Le 05/01/2018 à 12h06

S’il existait un paradis des séminaires, il aurait élu domicile dans les journaux télévisés (JT) du navire amiral de la SNRT (Société nationale de radiodiffusion et de télévision), Al Aoula.

Intrigués par la fréquence de ces séminaires dans les JT de cette télévision publique, nous avons pris un échantillon de deux semaines de l’édition du soir, choisi arbitrairement, au cours du mois de décembre 2017 (du 3 au 9 et du 13 au 19) pour confirmer ou infirmer cette impression. Quelle fut notre surprise! En seulement 14 jours, nous avons dénombré pas moins de 78 couvertures de séminaires, de journées d’études, de congrès, de rencontres, de réunions et même de conférences de presse! Soit une moyenne de 6 couvertures par JT, avec un pic de 11 couvertures le 19 décembre. Heureux soient les «séminaristes»!

A moins qu’il ne s’agisse d’un événement majeur, les conférences de presse, partout dans le monde, sont l’affaire des journalistes. Cela fait partie des coulisses de l’information. C’est de la matière première destinée aux journalistes pour assurer leur travail d’informer et nullement des informations en soi.

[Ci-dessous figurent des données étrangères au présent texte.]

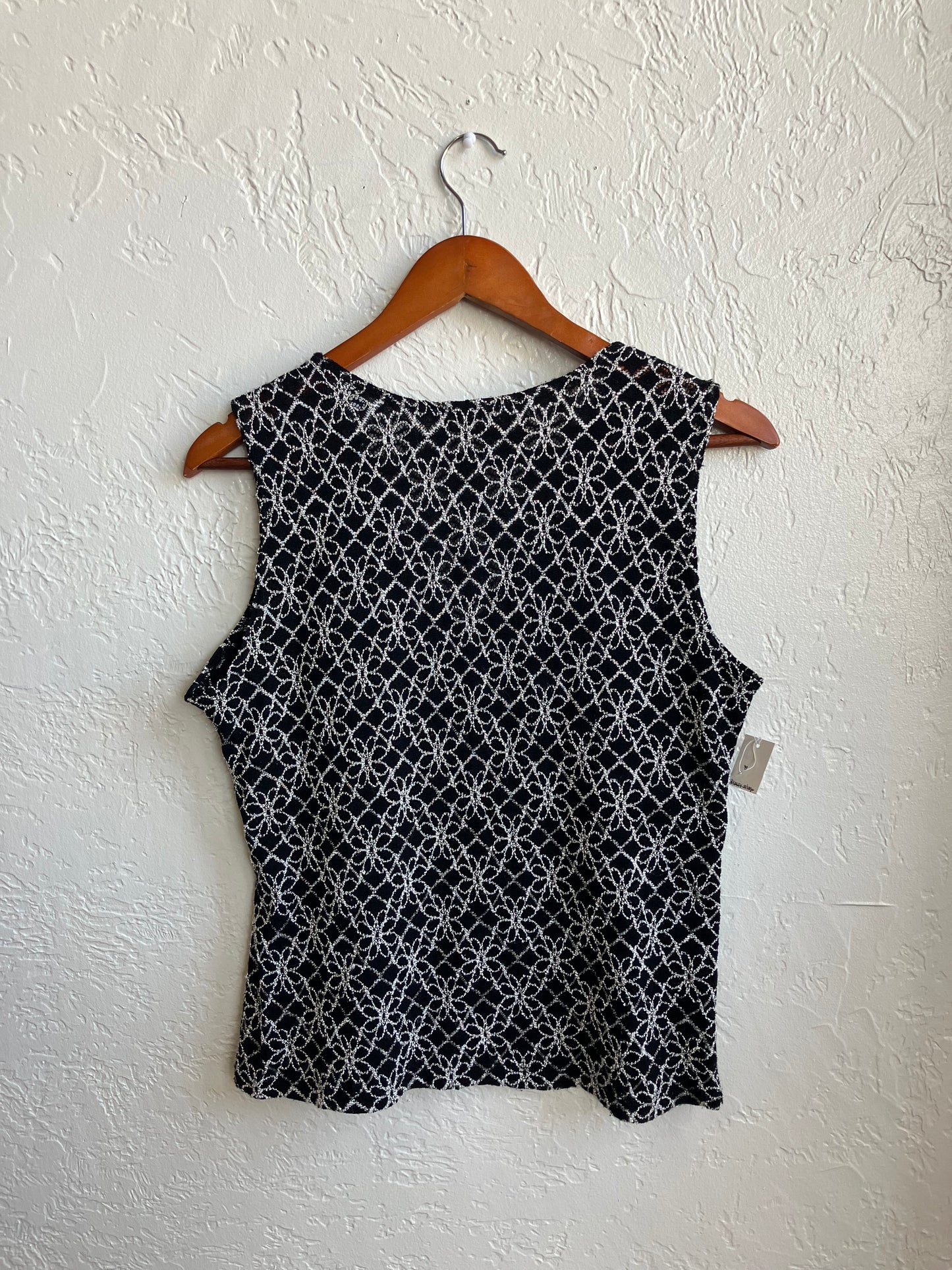 Y2K Black White Flower Sleeveless Top Medium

Ces couvertures étaient au départ la saine manifestation d’une volonté d’ouverture de l’héritière de la RTM sur la société et sur l'environnement national global. Seulement, ce qui était une initiative louable s’est muée au fil du temps en déplorable dérive lourde de conséquences.

Suivre un JT d'Al Aoula laisse immanquablement, pour la séquence «Informations nationales» du moins, qui fait suite aux actualités internationales, une impression de collection de bric et de broc de couvertures succédant les unes aux autres sans aucun lien d’unité de sujet, de logique ou de simple actualité entre elles.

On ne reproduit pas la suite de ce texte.